Navigating Complexity When Technology, Policy, and Markets Collide
Key Takeaways
Complex problems are rarely solved through a single intervention.
Systems thinking helps leaders identify how decisions in one area affect outcomes elsewhere.
Translation is a leadership skill that helps stakeholders with different incentives work toward a common outcome.
Sustainable change occurs when technology, economics, incentives, and behavior reinforce one another.
We weren't trying to make homes more energy efficient.
We were trying to change the entire residential energy market.
Efficient HVAC systems, insulation, windows, and construction practices that dramatically lower energy use already existed, yet adoption remained limited. The challenge wasn't technology — it was the system surrounding it.
As part of a $12 million energy-efficiency initiative, my team and I mapped the residential housing market to understand how decisions were made and where influence existed. What emerged was not a single market, but an ecosystem of stakeholders whose decisions collectively shaped outcomes.
Every stakeholder saw a different problem
Builders, banks, homeowners, utilities, inspectors, contractors, and realtors all viewed the challenge through different incentives and priorities, and each was optimizing for the outcome that suited their purposes.
That observation changed how we approached the problem. Instead of asking how to convince homeowners to invest in more efficient homes, we considered how to align the entire system around making energy-efficient choices easier, more attractive, and more valuable for everyone involved.
The necessity of translation
Throughout my career, I've found that the most difficult challenges exist at the boundaries between technology, markets, organizational priorities, and policy objectives.
That's why complex problems rarely yield to a single intervention; their barriers don't exist in one place.
Nor do interventions fail because stakeholders disagree. Interventions struggle to garner substantive results because stakeholders tackle different parts of the same problem — often without understanding how their individual actions affect the broader ecosystem.
Systems thinking and translation untangle the interdependencies that make challenges complex.
Systems thinking is the ability to see relationships that others experience as disconnected events. Translation is the ability to help one stakeholder understand how another stakeholder sees the problem.
Leaders who can see systems and translate across stakeholder groups identify opportunities and risks that remain hidden when viewing problems through a single functional lens.
As systems thinker Donella Meadows observed:
"We can't impose our will on a system. We can listen to what the system tells us, and discover how its properties and our values can work together."[1]
© 2026 Nicole Kaufman Dyess LLC
Designing for the ecosystem
Once we understood the system, the solution became about more than technology.
We trained builders, realtors, home inspectors, and code officials. We partnered with banks, utilities, contractors, and the regional property listing service (MLS).
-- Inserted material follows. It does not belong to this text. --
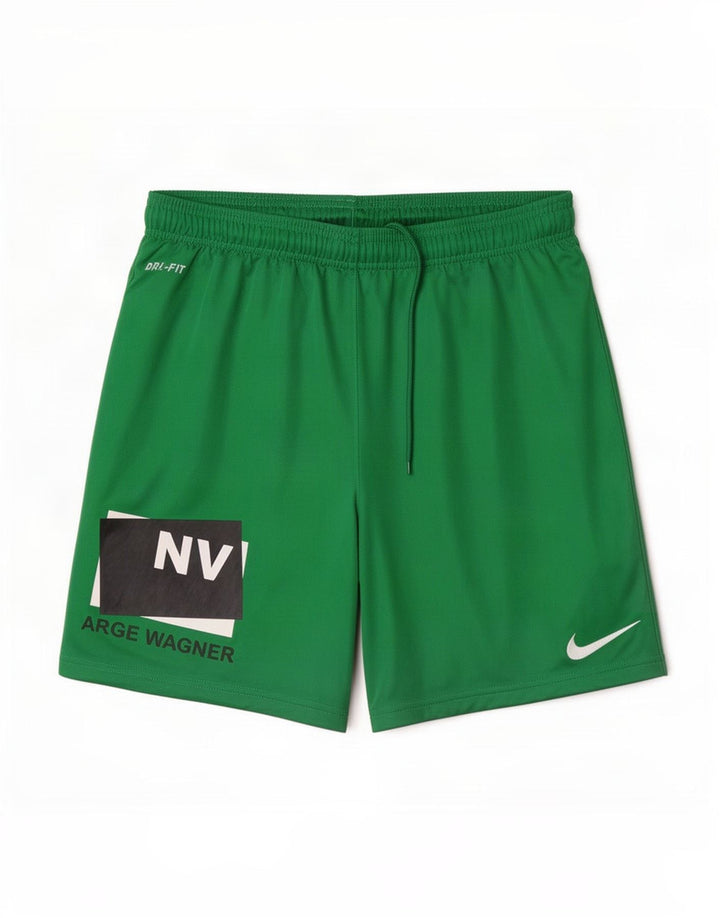 Nike Herre Dri Fit grafiske sportsshorts store grønne polyester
We strengthened building codes, created financing mechanisms, and launched a statewide consumer education campaign.
Every intervention reinforced the others, creating an ecosystem in which energy efficiency became the natural choice.
© 2026 Nicole Kaufman Dyess LLC
An enduring transformation
Over a two-year period, the percentage of high-efficiency home starts in the state increased from approximately one in five to nearly one in three. More than 13,000 existing homes were improved. Fifteen years later, several programs and partnerships established during the initiative remain active, continuing to make energy efficiency the easy choice.
The lessons I learned from this initiative extend far beyond housing.
Addressing complex problems require leaders who can see systems, understand competing incentives, and translate across stakeholders with different values, seeking different outcomes.
Sure, the technology matters.
The market matters, too.
The policy environment matters, also.
But lasting change often depends on something less obvious: the ability to connect these spheres.
Complex systems respond best when we stop treating isolated challenges and start understanding the interconnected ecosystem.
References
[1] Donella Meadows, Thinking in Systems: A Primer. Chelsea Green Publishing, 2008.